You know us regulatory types (for those that don’t know, that’s my background). We love our three-letter abbreviations and defined terms etc. So I was excited to learn Simwood had invented a new one – UAP.
The UnAllocated Percentage, or, at a strict level*, calls to numbers which are not in service, is part of our nuisance call monitoring system.
We all fat-finger a telephone number sometimes. Transpose some digits. Can’t read a colleague’s handwriting and think a 3 is an 8, or a 7 is a 1. The occasional wrong number is to be expected – we are human, after all. Even computers that dial for you rely on the number being entered right somewhere. For a regular, genuine, traffic stream, the UAP should be a fraction of a fraction of a %. Some wrong numbers connect – they are just answered calls which are quickly concluded – those to numbers not in service will, absent a fluke of mathematics, always be lower than the total wrong numbers dialled.
Why does UAP matter? Well, once we get beyond a fraction of a fraction of a percentage point, it’s an indication of something wrong. At the volumes we are seeing, it’s not someone with the coffee-jitters trying to return calls, it’s something systematically wrong downstream.
At one end of the spectrum, it’s some bad data. At the other end of the spectrum, it’s some scrote war-dialling UK numbers.

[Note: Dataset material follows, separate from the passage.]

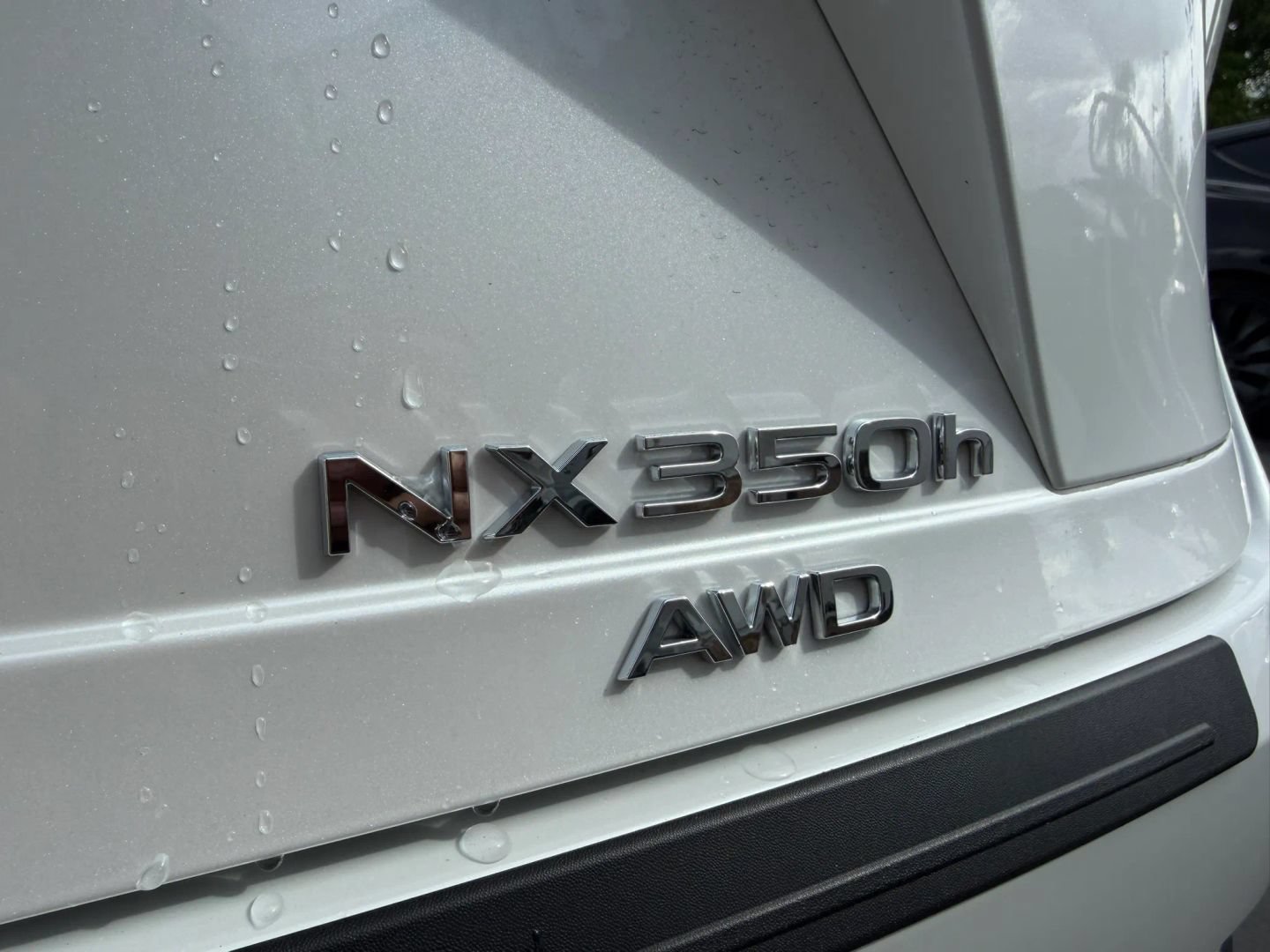 Used 2025 Lexus NX 350h AWD w/ Cold Area Package image 13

Let’s get something straight here – the calling party needs consent to do direct marketing in the UK. Businesses need consent under GDPR to call people (although that’s a softer form of consent – I’ll spare you the thesis on the nuances, for now). There’s a whole other bunch of rules involved too, regarding automated calling etc.
Unsurprisingly, consent cannot be given to call a number to which you are not a Subscriber. Consent to call a number not in service is not a thing.

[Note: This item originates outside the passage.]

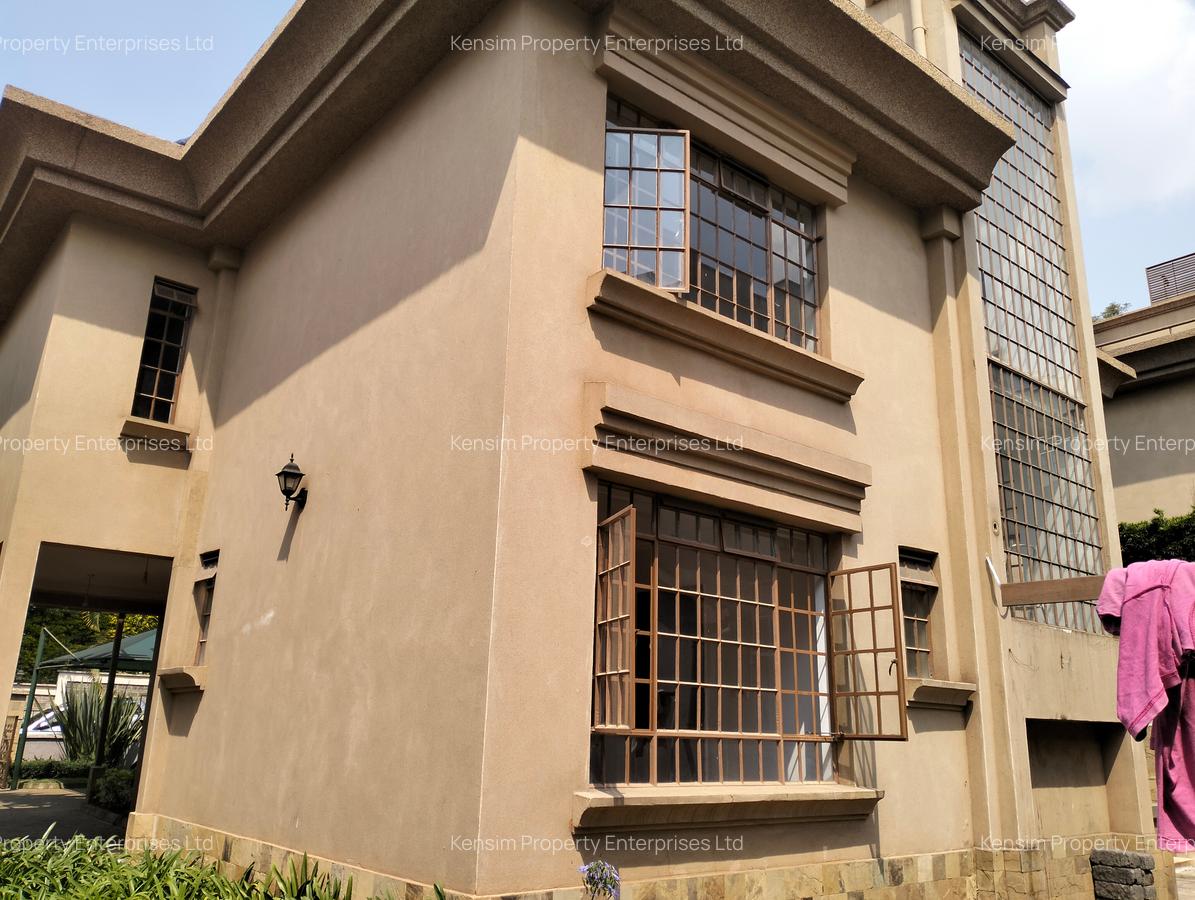 5 Bed Townhouse with En Suite in Lavington - 2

Whichever angle you are viewing it from, there is absolutely no legitimate way that war-dialling can be a legitimate source of traffic.
So, when the UAP creeps up, we know there’s scrotitude going on. We will bring down the shutters, and throttle your traffic until you deal with said scrote that’s convinced you to carry their traffic. And until you’ve convinced us that your onboarding and qualification processes filter out potential scrotes.
You don’t even have to wait for your alarms in your NOC to go off because we’ve taken action to protect UK citizens from scrotes – with our depth of interconnection, a 404 from us is pretty darn reliable. Monitor them. See them creeping up, don’t wait for us to tell you to intervene. As Simon and I both said recently, we place weight on action over inaction in our dealings with our customers – mistakes happen, silk-tongued scrotes worm their way into the PSTN from time to time – it’s the response to it that matters.
*for those that care about these things, Allocation and Adoption have very specific meanings in Ofcom’s world. It is technically possible (although should be very rare) to have an Adopted and Allocated number which is not in service. However, everyone understands what “unallocated” means in reality, so that’s what we are using.